Timing is key—and sometimes unpredictable. Much of what allows research to make it into the practice and policy realm is a “perfect storm” of conditions, only some of which partners have influence over. “The current politics may mean that some of this won’t ‘take’ in the moment, so some of this is about waiting four months down the line for the right opening to emerge,” says Faith Connelly, Executive Director of the Baltimore Education Research Consortium. But the waiting is strategic, with eyes open and ears to the ground listening for where administrators and policy officials, advocates, and the public are headed next.

What kinds of strategies have RPPs used to improve communication and encourage use of the research they produce?

Getting everyone within the RPP on board with the importance of a robust communications plan, particularly one that goes beyond the production of research reports, is essential. Involving your communications team early on in the development of proposals, and at every point from the developmental stages of a project to the final draft, is an important organizational practice. Such intentional and ongoing consideration of communications will shape the development of products that speak to key audiences, capture actionable themes, and anticipate reactions to the research.
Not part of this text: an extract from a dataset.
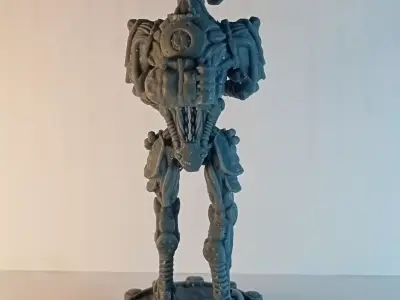 Heavily armored robot for printing 3D print model 3D print model
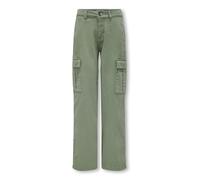 KIDS ONLY Cargohose "Yarrow" in Khaki - 42% | Größe 164 | Kinderhosen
In addition to an internal communications team, some RPPs have created steering committees, groups of stakeholders that are regularly engaged in reviewing reports and other products. These individuals may represent various stakeholders within the district, including administrators, teachers, advocates, and others. Committee roles include setting the research agenda, providing feedback on reports, and advising on public engagement.
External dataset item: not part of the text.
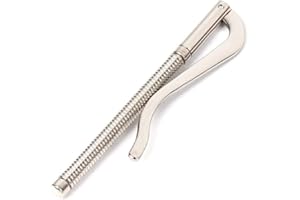 CALSGKSPRAY Silver Metal Bifold Money Clip Bar Wallet Replace Parts Spring Clamp Cash Holder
How do you find funding for a robust, multifaceted communications strategy?

While there is some funding built into the development of the research report, funding to support ongoing communications tasks is harder to come by. Yet RPPs find that their communications priorities do not stop at the release of a report. In order to foster research use and feedback into their own capacity to produce useful research, RPPs need to adopt and find ways to fund additional communications strategies.

The Consortium for Chicago School Research suggests ways to make the non-research aspects of the work “fundable,” including carving out a small portion of the funding from larger grants to fund talks, presentations, and short residual products (e.g., brochures, guides for parents). However, RPPs must also broaden the range of funders, including those who may not fund the research but will fund activities to engage stakeholders and the public on the research findings and their implications for change efforts. Similarly, RPPs may reach out to local businesses or investors that have an interest in the issues studied by the partnership and are interested in increasing awareness of the issues or supporting strategies to address the issues.
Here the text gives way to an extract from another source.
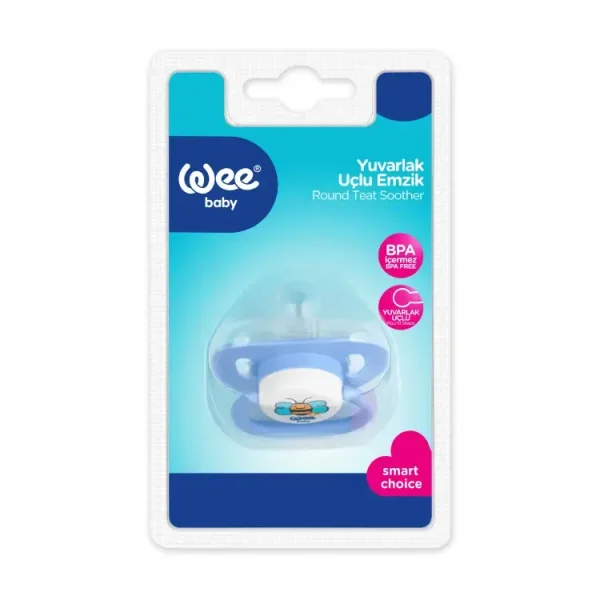 Wee Baby Oval Body Round Teat Soother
Are there particular communication challenges that RPPs often encounter?

A primary challenge is communicating research to a wide audience in a way that is accessible, succinct, and in plain language. The communications team, often just one person, is usually asked to craft multiple messages for a variety of constituents, even for a single piece of research. These challenges often mean that the communications role within a partnership requires a wide-ranging skill set.

An additional challenge is that uptake of a particular piece of research may occur months or even years after the research was completed. For some RPPs this means that they have to balance requests for information, presentations, workshops, or adapted tools from past research with requests for their current work. This can be a particular challenge when the funding to support activities associated with the older work is no longer available.

Because RPPs’ research is close to the ground, they must pay particular attention to how research is being received and interpreted within the local political context. They must not only develop their own core messages, but also be prepared to respond to the myriad ways in which their research is interpreted. A key consideration for Research Alliances is the need to maintain their status as independent entities, particularly on “hot button” issues in which multiple stakeholders may claim that the research evidence supports their views.